Lors d'une balade sur les Champs-Elysées, Abdo Rsol, des Soudan Célestins Music, se prend en photo devant le prototype Instinct dans le showroom Peugeot le 24 septembre 2017. / SANDRA MEHL POUR LE MONDE

Descendre la plus belle avenue du monde… Les Soudan Célestins Music, le groupe de réfugiés que Le Monde suit dans le cadre de la série des « Nouveaux arrivants », en rêvaient. Le parcours de l’Etoile à la Concorde fait partie de la mythologie française, après la tour Eiffel et le Louvre. « Oui, et dans cet ordre-là ! », sourit Abdo Rsol, l’un des choristes du groupe.

« J’ai passé deux mois à Paris avant de partir à Vichy, explique l’ancien étudiant soudanais en sociologie. Je dormais et mangeais dans le 19e arrondissement, au lycée Jean-Quarré », où s’étaient installés les migrants à l’été 2015 après avoir dormi sur les trottoirs du quartier de La Chapelle et en avoir été délogés plusieurs fois. Celui qui, un matin, s’est vu obligé de fuir son pays parce que Karthoum le soupçonnait d’avoir participé à la contestation sur le campus de la capitale raconte qu’il s’est « autorisé à explorer Paris à trois reprises » à l’époque de Jean-Carré : « Je suis d’abord allé à la tour Eiffel, parce que, vu de l’étranger, c’est l’un des symboles de la France et qu’on ne peut pas passer à Paris sans la voir de près. Ensuite je suis allé à Versailles pour voir ce château tellement réputé, tellement symbolique d’une partie de l’histoire de France. Et dans un troisième temps, je suis allé au musée du Louvre. »

Déjà, au Soudan, Abdo Rsol, pour qui la culture a toujours été essentielle, savait que le Louvre était le plus grand musée au monde. Il y retournera, c’est sûr. « Ces sorties n’allaient pas de soi, car le Paris des migrants était plutôt cantonné au quartier où on dormait. Un Paris bien différent de celui des Champs-Elysées », observe-t-il derrière ses lunettes de soleil.

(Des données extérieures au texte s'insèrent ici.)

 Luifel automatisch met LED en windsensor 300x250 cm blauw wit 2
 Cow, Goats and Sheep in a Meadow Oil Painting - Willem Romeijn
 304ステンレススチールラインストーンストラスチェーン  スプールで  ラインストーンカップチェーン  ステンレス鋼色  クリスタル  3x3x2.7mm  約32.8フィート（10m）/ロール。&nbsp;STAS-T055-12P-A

Ahmed et Hassan, qui eux aussi ont passé du temps au lycée Jean-Quarré, n’avaient pas osé de telles escapades. « A l’époque nous n’avions aucun statut, nous n’étions même pas demandeurs d’asile. Même si nous n’avions rien à faire de nos journées, il était difficile de penser au tourisme », se souvient Ahmed. Lui n’a vu la tour Eiffel de près qu’en 2016 : « Une fois où je suis revenu à Paris. J’ai pu la voir tout illuminée le soir ! » Hassan, lui aussi, a attendu octobre 2016 pour y jeter un œil et s’aventurer jusqu’au château de Versailles. Comme s’il fallait être officiellement entré dans un dispositif d’accueil pour s’autoriser à contempler les beautés de la France et penser qu’elles sont aussi un peu pour soi.

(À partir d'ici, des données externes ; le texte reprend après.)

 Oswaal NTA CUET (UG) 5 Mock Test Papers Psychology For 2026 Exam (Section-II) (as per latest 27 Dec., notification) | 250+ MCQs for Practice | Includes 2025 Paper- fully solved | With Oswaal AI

Boutiques grand public et enseignes de luxe

Ce dimanche de septembre, ce sont « les Champs » que les Soudan Célestins Music avaient envie d’explorer. La descente de ce lieu mythique s’est faite sous le soleil, après les selfies obligatoires devant l’Arc de triomphe et avant ceux de l’Obélisque de la Concorde. « Pas besoin de nous réexpliquer ces monuments !, explique fièrement Mustafa. On en a parlé avec la prof de français durant les cours de langue qui sont aussi une approche de la culture française. » Mustafa, qui a beaucoup chanté avec Ahmed et Hassan au début du groupe, a déménagé de Vichy à Moulins. Il lui est plus difficile de répéter régulièrement avec les Soudan Célestins Music, mais il les a quand même accompagnés sur la scène du festival Culture au quai, dans le 19e arrondissement de Paris, le 23 septembre.

Hassan, des Soudan Céléstins Music, devant l'Arc de triomphe, le 23 septembre 2017. / SANDRA MEHL POUR LE MONDE

Comme Ahmed, Hassan et Abdo Rsol, Mustafa est heureux de cette balade touristique. De quel côté de l’avenue mythique déambuleront les Soudanais ? Les numéros pairs, avec leurs boutiques grand public ? Ou les numéros impairs, moins fréquenté, où triomphent les enseignes de luxe ?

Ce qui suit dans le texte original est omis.